First we had the tragic death of five-month-old Cadey-Lee Deacon, killed by two flat-roofed pub rottweilers. (I call them “flat-roofed pub rottweilers” because that is a different breed to the common or garden “pub” rottweiler, as well as being a world away from the “normal” rottweiler you might see at a dog show or in the park.)

Then it emerged that four-year-old George Brown had had to undergo four hours of reconstructive surgery and have 200 stitches in his face after being attacked by a bulldog near his home in Huntingdon. I know not if this was a “council” bulldog or the more placid “cul de sac” breed. Suffice to say, it had serious previous and its owner now faces a spell in prison.

We then learn that two-year-old Harvey Lawrence is still in hospital in West Sussex after being attacked by another rottweiler (provenance unknown) earlier this week. Coincidence or conspiracy? Neither, really. The fact of the matter is that these things happen all the time. It’s only when a particularly newsworthy attack takes place that the Dangerous Dogs Debate re-enters the national agenda with every incident being accorded media attention.

In fact around 3,000 people a year are attacked by dogs, with many of the victims children. That’s over eight a day, yet no newspaper to my knowledge yet runs a regular column entitled “Today’s Dog Attacks”. So why is it happening and why are we putting up with it?
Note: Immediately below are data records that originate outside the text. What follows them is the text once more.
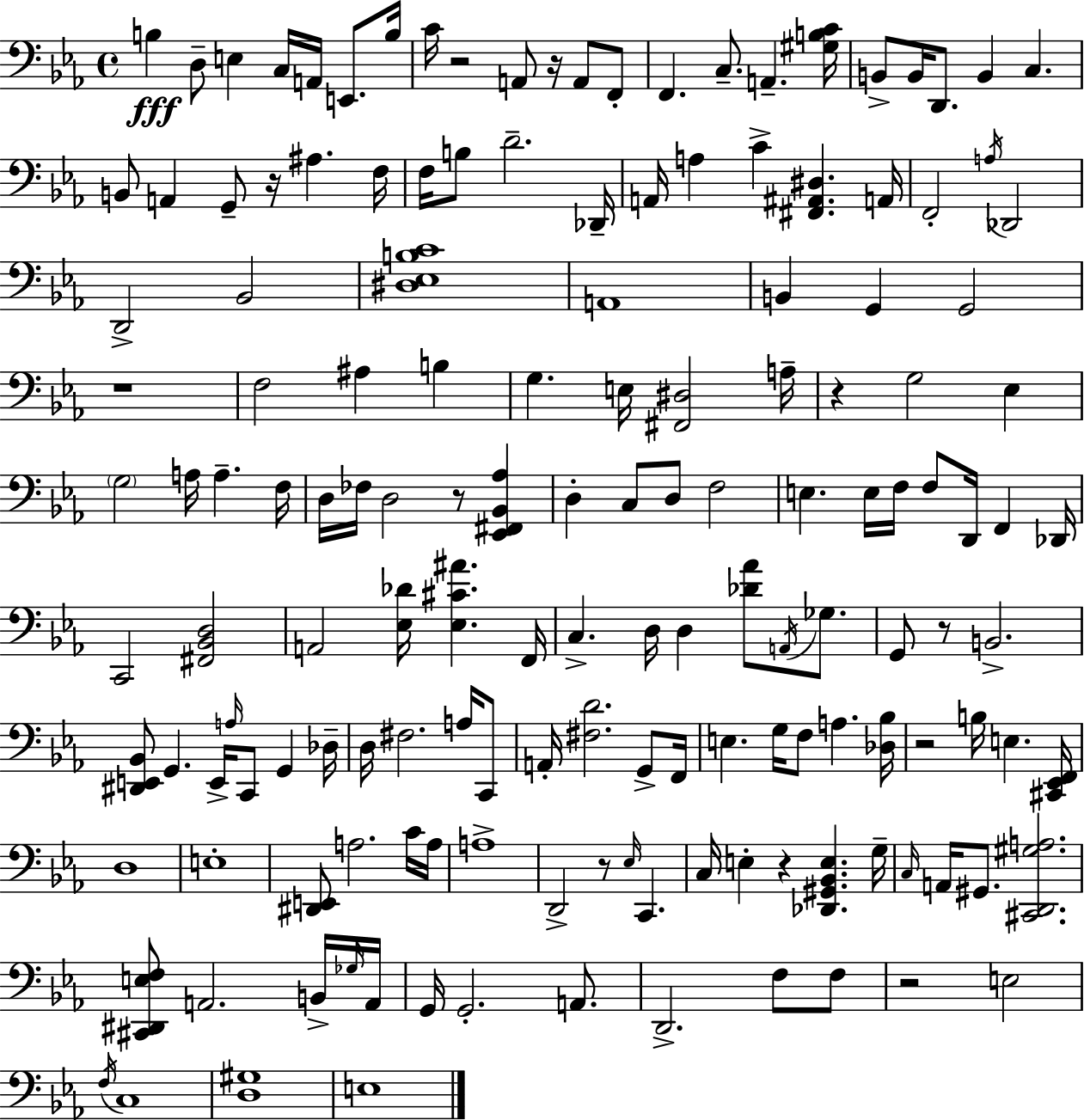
{
  \clef bass
  \time 4/4
  \defaultTimeSignature
  \key c \minor
  b4\fff d8-- e4 c16 a,16 e,8. b16 | c'16 r2 a,8 r16 a,8 f,8-. | f,4. c8.-- a,4.-- <gis b c'>16 | b,8-> b,16 d,8. b,4 c4. | \break b,8 a,4 g,8-- r16 ais4. f16 | f16 b8 d'2.-- des,16-- | a,16 a4 c'4-> <fis, ais, dis>4. a,16 | f,2-. \acciaccatura { a16 } des,2 | \break d,2-> bes,2 | <dis ees b c'>1 | a,1 | b,4 g,4 g,2 | \break r1 | f2 ais4 b4 | g4. e16 <fis, dis>2 | a16-- r4 g2 ees4 | \break \parenthesize g2 a16 a4.-- | f16 d16 fes16 d2 r8 <ees, fis, bes, aes>4 | d4-. c8 d8 f2 | e4. e16 f16 f8 d,16 f,4 | \break des,16 c,2 <fis, bes, d>2 | a,2 <ees des'>16 <ees cis' ais'>4. | f,16 c4.-> d16 d4 <des' aes'>8 \acciaccatura { a,16 } ges8. | g,8 r8 b,2.-> | \break <dis, e, bes,>8 g,4. e,16-> \grace { a16 } c,8 g,4 | des16-- d16 fis2. | a16 c,8 a,16-. <fis d'>2. | g,8-> f,16 e4. g16 f8 a4. | \break <des bes>16 r2 b16 e4. | <cis, ees, f,>16 d1 | e1-. | <dis, e,>8 a2. | \break c'16 a16 a1-> | d,2-> r8 \grace { ees16 } c,4. | c16 e4-. r4 <des, gis, bes, e>4. | g16-- \grace { c16 } a,16 gis,8. <cis, d, gis a>2. | \break <cis, dis, e f>8 a,2. | b,16-> \grace { ges16 } a,16 g,16 g,2.-. | a,8. d,2.-> | f8 f8 r2 e2 | \break \acciaccatura { f16 } c1 | <d gis>1 | e1 | \bar "|."
}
We must turn first to the Dangerous Dogs Act of 1991, which prohibited the breeding, sale or exchange of four identified breeds: pit bull terriers, Japanese Tosas, the Dogo Argentino and the Fila Brasileiro – not the sort of animals you see advertised on the noticeboards at Tesco. The Act also sought to ban any other dog that appears to be “bred for fighting”, but was not specific about types of dog, so making enforcement prior to an attack almost impossible.
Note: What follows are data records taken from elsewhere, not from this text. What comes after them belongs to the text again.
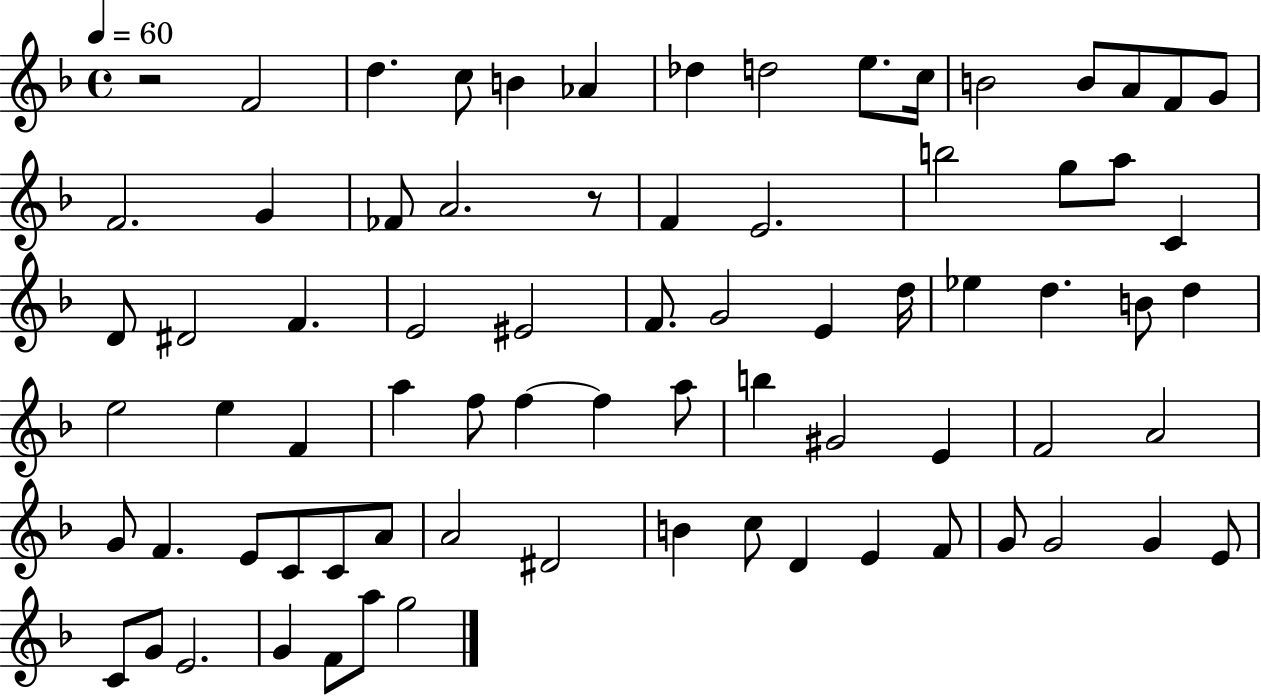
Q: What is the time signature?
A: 4/4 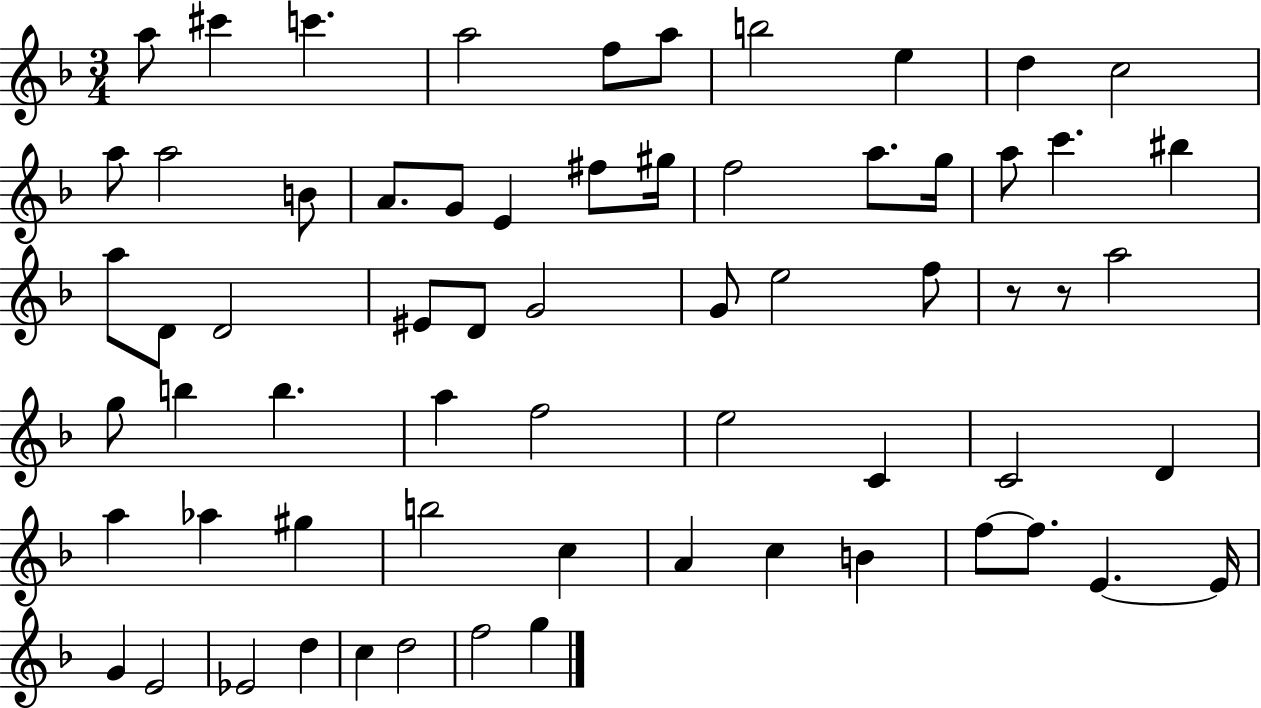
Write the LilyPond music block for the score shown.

{
  \clef treble
  \numericTimeSignature
  \time 3/4
  \key f \major
  a''8 cis'''4 c'''4. | a''2 f''8 a''8 | b''2 e''4 | d''4 c''2 | \break a''8 a''2 b'8 | a'8. g'8 e'4 fis''8 gis''16 | f''2 a''8. g''16 | a''8 c'''4. bis''4 | \break a''8 d'8 d'2 | eis'8 d'8 g'2 | g'8 e''2 f''8 | r8 r8 a''2 | \break g''8 b''4 b''4. | a''4 f''2 | e''2 c'4 | c'2 d'4 | \break a''4 aes''4 gis''4 | b''2 c''4 | a'4 c''4 b'4 | f''8~~ f''8. e'4.~~ e'16 | \break g'4 e'2 | ees'2 d''4 | c''4 d''2 | f''2 g''4 | \break \bar "|."
}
So what of the snarling beasts on chain-link leashes so beloved of feral hooded youths? (Dicks-on-a-string, one vet called them this week.) Ah, they’re Staffordshire bull terriers and, as such, are exempt. I do remember at the time of the debate suggesting that if the government couldn’t identify potentially dangerous dogs by breed, then it could perhaps do it by name. Thus, anything called Tyson, Rambo or Rooney would immediately be shipped off for the lethal injection. Fido and Rover would escape.

But even that isn’t the answer. Dogs are wild pack animals, not programmable toys. Any dog can turn nasty – just ask Princess Anne or Roy Hattersley, both of whom have been hauled before the beak to answer for their canine’s criminality. And you yourself may not realise that you’re harbouring a Fred Westie or an Alsatian Capone in the bosom of your own family until it’s too late.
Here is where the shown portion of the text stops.